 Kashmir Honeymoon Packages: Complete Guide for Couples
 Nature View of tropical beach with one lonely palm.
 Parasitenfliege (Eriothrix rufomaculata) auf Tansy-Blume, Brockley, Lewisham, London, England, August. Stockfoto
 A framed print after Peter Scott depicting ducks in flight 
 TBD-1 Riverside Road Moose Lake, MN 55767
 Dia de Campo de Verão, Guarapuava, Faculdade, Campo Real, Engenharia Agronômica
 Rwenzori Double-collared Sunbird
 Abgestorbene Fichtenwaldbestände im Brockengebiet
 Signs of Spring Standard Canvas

______

Go to the line containing "Abgestorbene Fichtenwaldbestände im" in the listing. Print it and every line through the last one, exactly and with nothing more.

** Problem solution **
 Abgestorbene Fichtenwaldbestände im Brockengebiet
 Signs of Spring Standard Canvas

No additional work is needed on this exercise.